*Exercise instructions*:
Every line below between the line holding "Subasta Productivo Orden" and the line holding "Focused workmen cutting", inclusive, should be repeated exactly, and all other lines omitted.

*Data excerpts*:
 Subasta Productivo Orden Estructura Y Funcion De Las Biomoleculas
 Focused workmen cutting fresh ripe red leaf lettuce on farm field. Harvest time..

---

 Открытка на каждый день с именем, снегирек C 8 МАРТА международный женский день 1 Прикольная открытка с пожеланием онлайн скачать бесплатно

*Exercise response*:
 Subasta Productivo Orden Estructura Y Funcion De Las Biomoleculas
 Focused workmen cutting fresh ripe red leaf lettuce on farm field. Harvest time..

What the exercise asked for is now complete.